| Updated: 11/29/2004; 2:50:12 PM. |
| Rayne Today Searching for dharma, in spite of the weather... On Hating Bush
The Washington Post’s article about the passionate hatred of Bush featured a quote from Laura Ingraham. This, from one of the right’s choir girls, on the reason why so many on the left hate Bush.: "What drives them nuts is that people actually like Bush," she says. "Even if they disagree with him, they think he's a good person." But for many liberals, "Bush isn't just wrong, he's evil. The axis of evil for these guys is George Bush, Karl Rove and Donald Rumsfeld." No, Ms. Ingraham, you self-deluded putz, you have no clue why so many of us – BOTH right and left – hate Bush. Yeah, both sides of the aisle hate him; I see them at the Dean Meetups, just as rabid as I am about Bush. What drives someone like me nuts is that people can’t see through the garbage that the press put up as news, that the American people have dumbed down and numbed down so much that they’re willing to put up with democracy stolen and an incompetent, unqualified boob as president. If the American people really, honestly took the time to look into Bush, they would be repulsed too – not only at him but at their own ineptitude.

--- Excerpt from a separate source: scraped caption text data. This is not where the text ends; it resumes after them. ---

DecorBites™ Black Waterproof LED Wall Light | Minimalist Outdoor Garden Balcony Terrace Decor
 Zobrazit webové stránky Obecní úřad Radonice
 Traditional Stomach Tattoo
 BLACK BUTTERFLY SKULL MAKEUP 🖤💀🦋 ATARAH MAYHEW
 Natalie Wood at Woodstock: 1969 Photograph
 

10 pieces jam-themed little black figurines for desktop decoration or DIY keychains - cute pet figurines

That’s what we feel on the right and on the left, Ms. Ingraham – that’s what we who aren’t drinking the Kool-Aid see. Further, it’s not an axis of evil consisting of Bush, Rove and Rumsfeld – it’s a junta that’s taken possession of this country, taken over and subverted the will of the people to exercise their own radical whims on us, driving us into bankruptcy, polluting this earth, damaging our relationships with the rest of the world, stealing from the mouths of our babes to do so. The junta is headed by Dick Cheney, not meat puppet Bush; it’s filled with the likes of bigoted rogues like Wolfowitz, Bolton, Perle and a host of corporate sycophants making themselves rich at our expense. That’s why I find George W. Bush utterly and completely repulsive. That’s why I will not tolerate his smug chimpy face on my television nor his sneering voice and pointed disregard for our language on my radio. That’s why I have so damned much company on both sides of the right and left. Get it straight, Ingraham. Until you can, why don’t you take a queue from your crappy misguided book while you’re at it? Shut up and sing. On second thought, take a tip from one of your own, Mr. O’Reilly: Shut up, shut up, shut up.
I’m going to be booked up most of the day; I’ve got to get a kindergartner off to school with a fleet of cupcakes in tow for his birthday. (Pray for us that we don’t drop them en route to school and the classroom.) Then run off to that weird Wonderlic employment test in the next town, swing back to pick up birthday presents, squeeze in some unrequited work. Return to the school to pick up the kids and do Lego League, then off to dinner to celebrate with the birthday boy and family. Eat cake, pick up birthday debris, squeeze in some more work, and maybe catch a little quiet time with my spouse before we crash hard. Somewhere in between the gaps there are seven loads of laundry beckoning, the same seven I can never get under control. I cut one or two heads off this Hydra, more sprout back; right now the Hydra taunts me with a load each of sheets, towels, jeans, slacks, whites, lights, and a load requiring special treatment. This past week my daughter went to camp, cutting down on the laundry for two days, only to return with three loads. Some of it is tainted with poison ivy – oh joy. How the hell do I get rid of urushiol oil from poison ivy without contaminating everything else in the laundry? By the time I figure it out, there will be a couple more loads of laundry waiting.